Dataset records: Begin

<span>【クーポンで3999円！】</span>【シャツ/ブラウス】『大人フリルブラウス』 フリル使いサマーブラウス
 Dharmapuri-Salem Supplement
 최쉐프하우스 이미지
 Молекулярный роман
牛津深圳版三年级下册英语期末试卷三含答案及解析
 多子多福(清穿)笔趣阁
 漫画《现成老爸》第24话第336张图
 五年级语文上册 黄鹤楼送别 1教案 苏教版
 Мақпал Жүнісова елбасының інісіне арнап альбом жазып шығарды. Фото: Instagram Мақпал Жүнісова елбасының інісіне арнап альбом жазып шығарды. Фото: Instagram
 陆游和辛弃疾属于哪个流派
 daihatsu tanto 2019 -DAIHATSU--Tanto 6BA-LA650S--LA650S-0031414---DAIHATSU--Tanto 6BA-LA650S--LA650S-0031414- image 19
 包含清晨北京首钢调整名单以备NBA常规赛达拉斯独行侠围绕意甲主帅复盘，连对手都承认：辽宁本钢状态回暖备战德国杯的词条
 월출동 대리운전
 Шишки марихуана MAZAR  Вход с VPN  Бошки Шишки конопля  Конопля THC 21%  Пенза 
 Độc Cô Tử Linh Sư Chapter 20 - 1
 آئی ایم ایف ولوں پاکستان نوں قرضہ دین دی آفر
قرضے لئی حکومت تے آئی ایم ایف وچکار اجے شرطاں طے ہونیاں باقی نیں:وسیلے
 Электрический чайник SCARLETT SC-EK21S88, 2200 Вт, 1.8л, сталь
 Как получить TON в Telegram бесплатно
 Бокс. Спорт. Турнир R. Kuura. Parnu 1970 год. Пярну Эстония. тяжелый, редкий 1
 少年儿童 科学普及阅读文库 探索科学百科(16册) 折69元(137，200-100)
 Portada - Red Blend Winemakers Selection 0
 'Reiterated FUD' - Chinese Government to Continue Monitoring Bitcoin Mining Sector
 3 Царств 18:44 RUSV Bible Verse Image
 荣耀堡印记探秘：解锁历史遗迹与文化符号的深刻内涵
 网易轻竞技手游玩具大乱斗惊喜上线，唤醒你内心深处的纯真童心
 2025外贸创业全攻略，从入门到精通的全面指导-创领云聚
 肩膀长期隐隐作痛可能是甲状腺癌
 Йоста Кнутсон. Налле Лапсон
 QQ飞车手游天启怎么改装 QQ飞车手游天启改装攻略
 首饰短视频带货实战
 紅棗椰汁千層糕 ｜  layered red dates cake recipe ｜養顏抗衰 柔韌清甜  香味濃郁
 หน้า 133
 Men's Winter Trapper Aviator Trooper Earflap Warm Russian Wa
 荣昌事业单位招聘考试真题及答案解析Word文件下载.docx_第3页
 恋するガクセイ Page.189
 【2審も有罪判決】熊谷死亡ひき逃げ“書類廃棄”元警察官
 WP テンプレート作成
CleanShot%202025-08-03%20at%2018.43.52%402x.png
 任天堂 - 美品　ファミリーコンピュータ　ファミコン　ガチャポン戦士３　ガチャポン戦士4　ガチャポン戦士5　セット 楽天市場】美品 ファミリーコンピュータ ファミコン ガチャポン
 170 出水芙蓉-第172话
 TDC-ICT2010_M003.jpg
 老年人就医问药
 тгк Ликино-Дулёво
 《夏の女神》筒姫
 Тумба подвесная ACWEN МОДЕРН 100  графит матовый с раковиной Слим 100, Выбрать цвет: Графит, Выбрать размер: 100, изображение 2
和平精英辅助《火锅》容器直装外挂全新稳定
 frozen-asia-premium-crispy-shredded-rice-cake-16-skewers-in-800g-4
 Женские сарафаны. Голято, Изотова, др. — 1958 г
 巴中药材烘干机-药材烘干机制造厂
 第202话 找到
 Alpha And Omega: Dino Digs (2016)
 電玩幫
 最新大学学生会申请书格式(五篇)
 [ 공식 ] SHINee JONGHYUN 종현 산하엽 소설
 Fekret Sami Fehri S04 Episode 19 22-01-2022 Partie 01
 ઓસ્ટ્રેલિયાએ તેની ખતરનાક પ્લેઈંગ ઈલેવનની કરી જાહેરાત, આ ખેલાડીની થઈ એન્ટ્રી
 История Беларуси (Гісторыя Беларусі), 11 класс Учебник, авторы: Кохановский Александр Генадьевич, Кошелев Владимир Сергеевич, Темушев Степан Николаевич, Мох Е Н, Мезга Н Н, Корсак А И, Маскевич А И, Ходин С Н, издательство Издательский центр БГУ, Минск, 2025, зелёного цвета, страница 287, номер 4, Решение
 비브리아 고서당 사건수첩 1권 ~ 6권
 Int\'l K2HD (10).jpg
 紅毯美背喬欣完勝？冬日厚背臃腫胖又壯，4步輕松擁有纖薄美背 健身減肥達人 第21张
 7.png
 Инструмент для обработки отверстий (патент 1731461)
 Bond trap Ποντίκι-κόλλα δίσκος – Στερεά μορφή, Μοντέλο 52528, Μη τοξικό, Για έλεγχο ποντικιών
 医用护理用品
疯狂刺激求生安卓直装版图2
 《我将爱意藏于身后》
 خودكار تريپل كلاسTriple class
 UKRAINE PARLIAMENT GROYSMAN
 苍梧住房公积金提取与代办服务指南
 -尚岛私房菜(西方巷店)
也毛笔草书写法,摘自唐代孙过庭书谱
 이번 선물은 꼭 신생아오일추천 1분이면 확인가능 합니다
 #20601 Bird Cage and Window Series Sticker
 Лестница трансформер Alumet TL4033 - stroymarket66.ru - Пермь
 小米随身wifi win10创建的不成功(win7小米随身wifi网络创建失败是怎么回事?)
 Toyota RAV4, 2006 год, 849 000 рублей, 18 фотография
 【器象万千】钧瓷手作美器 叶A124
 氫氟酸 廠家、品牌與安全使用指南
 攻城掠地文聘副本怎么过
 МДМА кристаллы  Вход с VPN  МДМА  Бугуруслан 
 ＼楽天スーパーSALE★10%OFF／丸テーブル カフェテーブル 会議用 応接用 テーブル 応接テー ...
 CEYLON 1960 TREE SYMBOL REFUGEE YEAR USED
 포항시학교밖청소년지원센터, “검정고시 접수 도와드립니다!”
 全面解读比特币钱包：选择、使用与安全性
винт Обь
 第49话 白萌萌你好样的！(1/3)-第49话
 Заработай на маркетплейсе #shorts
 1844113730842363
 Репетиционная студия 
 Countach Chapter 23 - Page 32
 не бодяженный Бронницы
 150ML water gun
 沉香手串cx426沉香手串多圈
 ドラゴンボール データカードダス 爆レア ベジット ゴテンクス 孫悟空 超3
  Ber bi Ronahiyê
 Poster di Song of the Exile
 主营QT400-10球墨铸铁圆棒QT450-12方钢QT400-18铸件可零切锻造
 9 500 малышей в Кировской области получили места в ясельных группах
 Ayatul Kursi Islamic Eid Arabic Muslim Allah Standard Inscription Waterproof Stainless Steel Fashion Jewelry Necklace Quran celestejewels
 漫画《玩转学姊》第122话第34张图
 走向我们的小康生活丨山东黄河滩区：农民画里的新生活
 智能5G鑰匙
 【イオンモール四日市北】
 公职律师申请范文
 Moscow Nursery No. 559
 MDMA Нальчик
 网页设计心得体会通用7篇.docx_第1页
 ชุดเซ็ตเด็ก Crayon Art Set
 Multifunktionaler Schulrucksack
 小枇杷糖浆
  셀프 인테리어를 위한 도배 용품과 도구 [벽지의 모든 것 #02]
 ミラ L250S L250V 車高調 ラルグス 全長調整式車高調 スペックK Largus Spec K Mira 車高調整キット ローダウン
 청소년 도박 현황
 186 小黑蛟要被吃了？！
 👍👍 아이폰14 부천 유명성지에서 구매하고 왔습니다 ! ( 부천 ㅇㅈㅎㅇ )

Dataset records: End

§ **Work to complete**:
Please copy every line in the entries where "Chapter" appears.

§ **Solution for this problem**:
 Độc Cô Tử Linh Sư Chapter 20 - 1
 Countach Chapter 23 - Page 32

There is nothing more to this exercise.